The role of property rights in steering climate adaptation

Charleston, South Carolina is particularly vulnerable to the impacts of sea level rise due to climate change. A low lying city, a sea level rise of 2-3 feet would, without adaptation, result in the submerging of parts of the city’s historic (and extremely valuable) downtown. That’s not likely to happen, of course, because the property owners, city, and state have strong incentives to adapt. [Photo courtesy of Khanrak.]

I was recently in Charleston for a conference, where I spoke on a panel about property rights in an age of climate change. Without interference, private property rights enable and encourage property owners to make rational decisions in the face of environmental and other threats—whether that means solving the problem or making the best of a bad situation. If a property has a flooding problem, for instance, the owner should have the best incentives to figure out the source of the flooding, identify cost-effective means of addressing the problem, and avoiding investment decisions that exacerbate those problems.

Thus, property’s dynamic adaptability should play a significant role in steering the response to several of climate change’s likely impacts. However, in the modern United States, private property rights rarely exist “without interference.” Routine property decisions require government approval (perhaps from multiple levels of government). And the environmental factors that affect property are often significantly influenced by government decisions.

Nevertheless, the Takings Clause’s protection for property rights can encourage governments to pursue rational adaptation to climate change. It can do so in at least two ways: (1) protecting the likely victims of climate change from overly exuberant governments that wipe out property rights in anticipation of those effects; and (2) ensuring that government designs climate adaptation in a rational way.

Without the restraining influence of the Takings Clause, governments are too prone to leap from some environmental concern to unjustified bans on land use. Twenty-five years ago, the Supreme Court of the United States decided Lucas v. South Carolina Coastal Council, a case pitting property rights against sea level rise and beach erosion. Lucas owned two beachfront lots in a residential subdivision. Citing concerns that any development would adversely affect the beach, the state refused to permit homes to be constructed on either lot.

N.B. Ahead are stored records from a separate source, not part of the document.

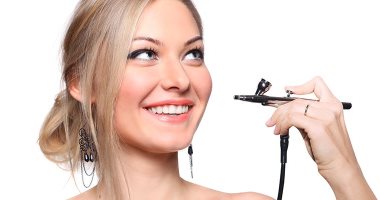 لمكياج زى ما قال الكتاب.. اتعلمى إزاى تستخدمى الـ Airbrush فى 10 خطوات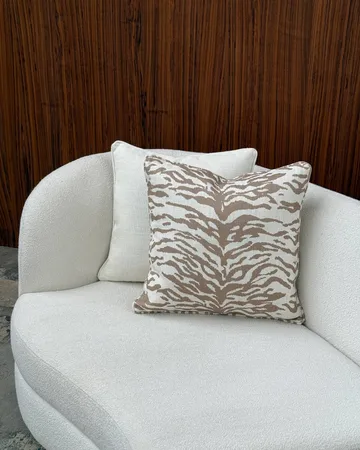 Norell pyntepude - Tiger beige-off white, 50x50 cm - Tinted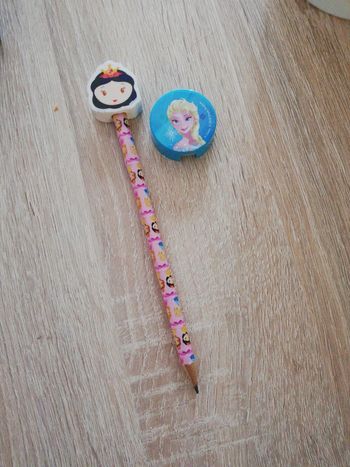 Crayon et taille crayon reine des neiges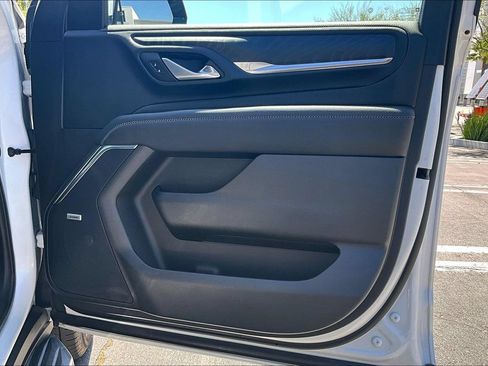 Used 2024 GMC Yukon Denali AWD/4WD image 21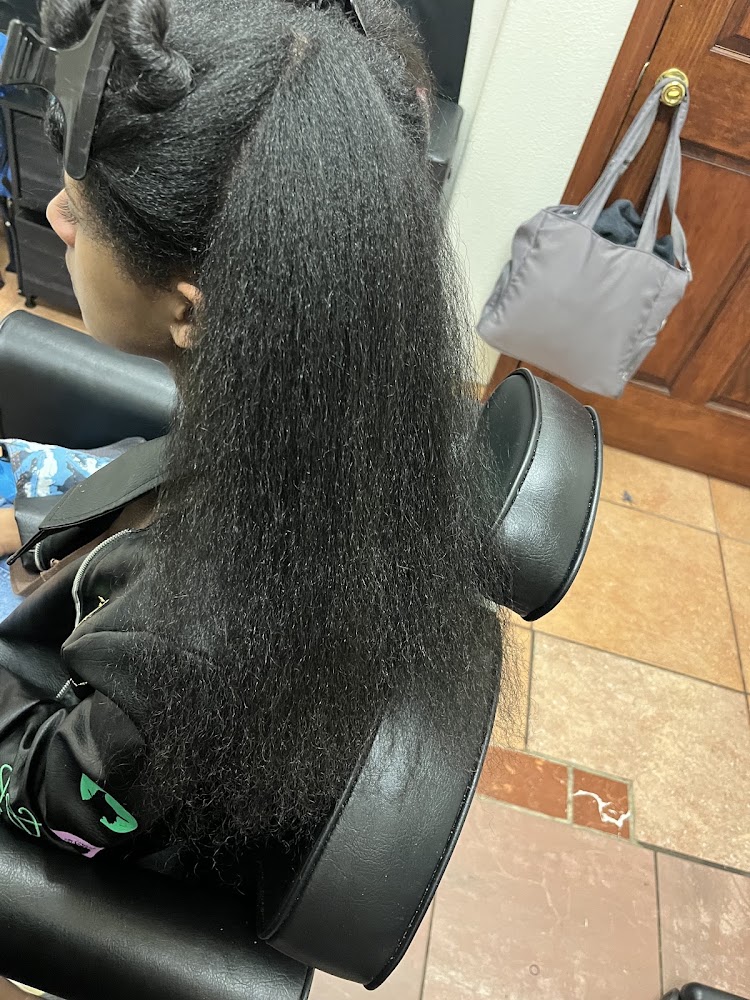 I4cU Salon view 3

Despite denying any economic use of the land, the state refused to pay Lucas for taking the lots. The Supreme Court called foul. It held that the Takings Clause requires the government to compensate landowners when regulations deprive them of all economically beneficial use of the property. Since the state forbade any economic use of the lots, it must pay for them.

The most interesting thing about the case is what happened next. When the government owned the lots and bore the costs of the development restrictions, its calculations completely changed. The regulations that seemed worthwhile to an agency that expected to bear none of the costs suddenly seemed too harsh. The state sold the lots to a developer with a permit to construct an approximately 5,000 square foot mansion.

Without the Takings Clause’s compensation requirement, states and local governments would likely respond to the risks of climate change by preemptively destroying the rights of property owners, in anticipation of future impactsLucas compels them to consider the impacts of those regulations, including whether adaptation strategies can better address environmental concerns without such harsh burdens.

Similarly, property owners’ right to compensation will encourage governments to rationally design adaptation strategies. It is inevitable that governments will pursue a variety of adaptation strategies that protect some property from sea level rise and other impacts. Charleston, for instance, will almost certainly never let the French Quarter be submerged. Many adaptations will inevitably shift impacts from some properties and onto other properties.

The Takings Clause will influence those decisions too. If government could avoid compensation, decisions would be made politically—property owners with political influence would be protected at the expense of those without. But with robust Takings Clause protections, governments have to consider the costs of those decisions. Consequently, they will be more likely to make economically rational decisions about which properties to save and which to sacrifice (knowing that they will have to pay for those sacrifices).

The result may ultimately be fewer costly and environmentally disruptive adaptations in remote areas, like sea walls. Instead, the economic incentives may favor paying for coastal properties to pursue natural adaptation strategies, including vegetation and dune renewal.